Future of upland farming: For years we have supported upland farming through various government schemes.  Increasingly we have asked the recipients of this largesse to provide us with a widening range of benefits: environmental management, landscape, leisure opportunities and so on.  But the outlook for such support is doubtful.  Most are agreed that it is important to keep farmers in the uplands because they provide a cost-effective way to manage extensive tracts of land.  We value its appearance and environmental value as a farmed landscape.  Food security has now re-emerged as a key issue, and the upland areas can make significant contributions here too.  However, much of the national infrastructure that supported technical development in hill and upland farming has quietly withered away over the last 20 or more years: specialist research stations, experimental husbandry farms, and a consequent dispersal of specialist hill farming expertise from the northern colleges.  At its simplest the outlook for public support is this: less if any at all; certainly not more.

Putting these two streams together we must face up to this question: if young men and women from the hills will no longer afford to go away to university, if other support for farming in the hill and upland areas is going to reduce, what can be done?  Are we willing to see abandonment of upland holdings?  Does this mean there will be economic opportunities, or will holdings be abandoned for good reason?
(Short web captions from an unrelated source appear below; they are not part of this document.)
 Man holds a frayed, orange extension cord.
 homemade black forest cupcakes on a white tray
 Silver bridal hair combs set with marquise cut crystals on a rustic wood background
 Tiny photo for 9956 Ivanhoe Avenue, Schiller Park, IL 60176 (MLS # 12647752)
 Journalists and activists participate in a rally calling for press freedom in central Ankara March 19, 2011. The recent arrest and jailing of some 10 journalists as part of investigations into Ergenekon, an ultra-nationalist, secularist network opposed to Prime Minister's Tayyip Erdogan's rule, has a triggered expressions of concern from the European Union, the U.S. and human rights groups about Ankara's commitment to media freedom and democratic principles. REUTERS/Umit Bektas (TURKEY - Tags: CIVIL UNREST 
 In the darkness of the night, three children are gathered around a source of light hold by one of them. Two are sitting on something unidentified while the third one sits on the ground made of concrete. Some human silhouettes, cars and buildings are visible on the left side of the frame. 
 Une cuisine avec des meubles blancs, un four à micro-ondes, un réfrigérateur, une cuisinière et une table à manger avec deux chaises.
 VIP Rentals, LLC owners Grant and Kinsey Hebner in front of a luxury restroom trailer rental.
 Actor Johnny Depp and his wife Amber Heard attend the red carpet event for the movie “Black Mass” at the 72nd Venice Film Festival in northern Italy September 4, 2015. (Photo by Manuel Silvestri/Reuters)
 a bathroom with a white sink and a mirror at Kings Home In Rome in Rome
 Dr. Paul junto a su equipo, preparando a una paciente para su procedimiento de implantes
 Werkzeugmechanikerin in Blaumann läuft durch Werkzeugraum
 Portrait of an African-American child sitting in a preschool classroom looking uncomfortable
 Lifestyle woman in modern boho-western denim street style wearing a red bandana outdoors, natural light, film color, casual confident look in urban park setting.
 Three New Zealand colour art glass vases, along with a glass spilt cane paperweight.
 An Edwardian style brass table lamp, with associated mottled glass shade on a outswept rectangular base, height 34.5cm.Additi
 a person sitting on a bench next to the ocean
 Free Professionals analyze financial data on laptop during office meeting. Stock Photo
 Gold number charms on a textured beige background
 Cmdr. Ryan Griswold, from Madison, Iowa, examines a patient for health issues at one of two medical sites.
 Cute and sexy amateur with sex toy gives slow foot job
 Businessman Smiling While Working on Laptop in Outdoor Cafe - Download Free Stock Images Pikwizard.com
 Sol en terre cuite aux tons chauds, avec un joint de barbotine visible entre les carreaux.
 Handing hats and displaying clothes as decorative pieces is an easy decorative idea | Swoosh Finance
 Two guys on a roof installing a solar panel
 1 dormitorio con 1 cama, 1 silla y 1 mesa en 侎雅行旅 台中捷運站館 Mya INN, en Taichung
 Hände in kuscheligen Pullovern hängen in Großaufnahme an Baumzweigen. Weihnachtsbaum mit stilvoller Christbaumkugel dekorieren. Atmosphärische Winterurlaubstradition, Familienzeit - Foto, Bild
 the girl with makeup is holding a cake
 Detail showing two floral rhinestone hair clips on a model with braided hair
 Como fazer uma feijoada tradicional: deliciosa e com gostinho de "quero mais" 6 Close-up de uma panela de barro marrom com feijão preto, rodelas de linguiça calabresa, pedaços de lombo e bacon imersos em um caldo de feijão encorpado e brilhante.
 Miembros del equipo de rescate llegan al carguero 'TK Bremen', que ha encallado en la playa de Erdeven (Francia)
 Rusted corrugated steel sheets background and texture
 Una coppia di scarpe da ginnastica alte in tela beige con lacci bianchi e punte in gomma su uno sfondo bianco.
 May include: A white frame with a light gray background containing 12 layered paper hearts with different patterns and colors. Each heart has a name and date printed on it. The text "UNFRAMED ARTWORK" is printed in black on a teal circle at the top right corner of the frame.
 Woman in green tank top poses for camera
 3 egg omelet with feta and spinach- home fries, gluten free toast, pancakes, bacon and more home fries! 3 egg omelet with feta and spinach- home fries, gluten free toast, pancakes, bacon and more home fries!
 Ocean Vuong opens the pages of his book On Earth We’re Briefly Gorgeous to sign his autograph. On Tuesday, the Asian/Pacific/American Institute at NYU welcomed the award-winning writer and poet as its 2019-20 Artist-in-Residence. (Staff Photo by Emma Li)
Those who remain committed to, and passionate about, the future of upland farming will have to look to their own resources.  It is also clear that hard evidence will be needed to justify continued public investment.  The abolition of the Commission for Rural Communities also sees the loss of an independent rural voice to government.  So how can the people in the hills help themselves?

One idea we have been working on is the idea of locally-based self-help groups.  Without taking up too much space here with the evolution of this idea, our current thinking is to establish learning groups of leading farmers and others whose work brings them close to farmers.  It’s hard to avoid educational jargon at this point, but the general idea would be for the group to work together to:

  • Identify the technical challenges – coupled with the opportunities (for example the potential role for upland peat areas in carbon management)
  • To prepare together a development plan under which each member of the group will take the lead in exploring and sharing the latest information and data.  The group will sort out the formats for this guidance, and individual members will then draft it.  The group will then moderate the draft material.  This could be conventional technical notes or papers, but it could also be short videos or other useful presentation material.
  • Along the way, members of the group will learn about the importance of ‘advocacy’ and how to function effectively as rural advocates.
  • A group like this could also act as its own research unit, building up the evidence base needed to underpin its advocacy role.

The challenge now is to test this idea in the real world, and if it stands up to that to turn it into an educational reality.  Graduate Certificate in Upland Farming Development anybody?